The example output will be as follows.

---
Predicted Class: default
Predicted Probabilities:
    default  paid off
0  0.653696  0.346304

The likelihood of the borrower defaulting is 65.4%. Conversely, there is a 34.6% chance that the borrower will repay the loan. The model assigns the most likely outcome as default.

Handling Numeric Predictor Variables

Naïve Bayes originally works only with categorical predictors, but we can adapt it for numerical variables using:

1. Binning (convert numerical values into categories, e.g., income groups).
2. Gaussian Naïve Bayes (assume numerical predictors follow a normal distribution).

• In Python, Gaussian Naïve Bayes is applied as follows.

  from sklearn.naive_bayes import GaussianNB
    
  # Train Gaussian Naïve Bayes (For Continuous Variables)
  gnb = GaussianNB()
  gnb.fit(X, y)
  

The interpretation of the limitations of Naïve Bayes reveals specific scenarios in which the model may perform poorly.

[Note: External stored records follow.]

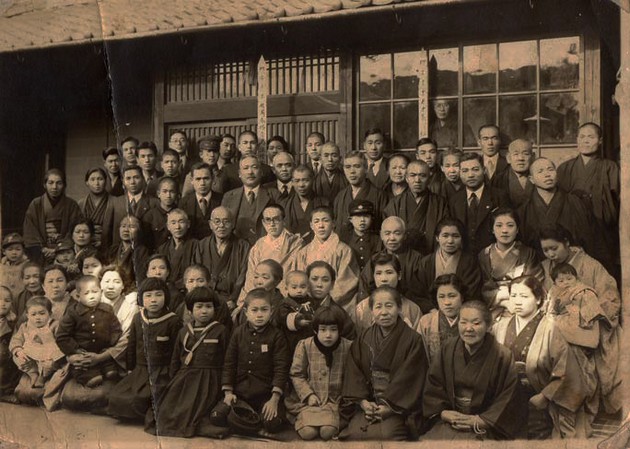 prezhiveale-dve-svetski-vojni-cel-zhivot-bile-razdeleni-107-godishni-japonki-se-najstarite-identichni-bliznaci-vo-svetot-05.JPG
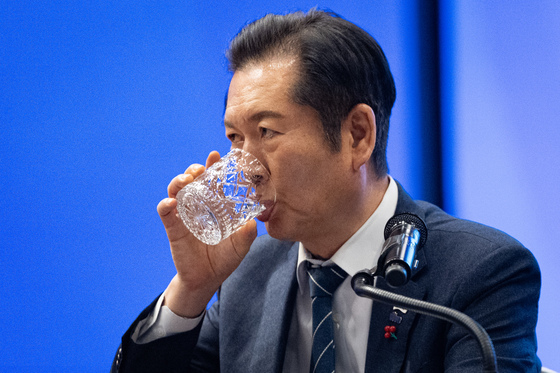 물 마시는 정청래 민주당 대표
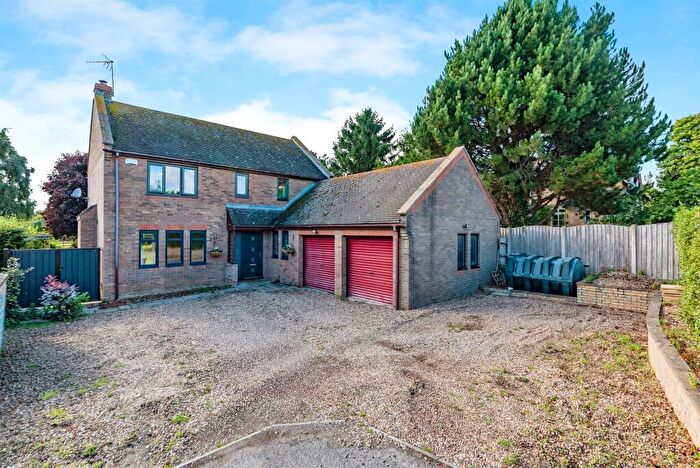 4 Bedroom Detached House For Sale In Main Street, Normanton, Grantham, NG32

• One significant issue arises with strongly correlated predictors, which violate the independence assumption fundamental to Naïve Bayes.
• Additionally, the model struggles with rare categories; if a predictor category does not appear in the training data, the model assigns it a zero probability.

This limitation can be addressed through the use of Laplace Smoothing, which helps to mitigate the impact of unseen categories during the prediction process.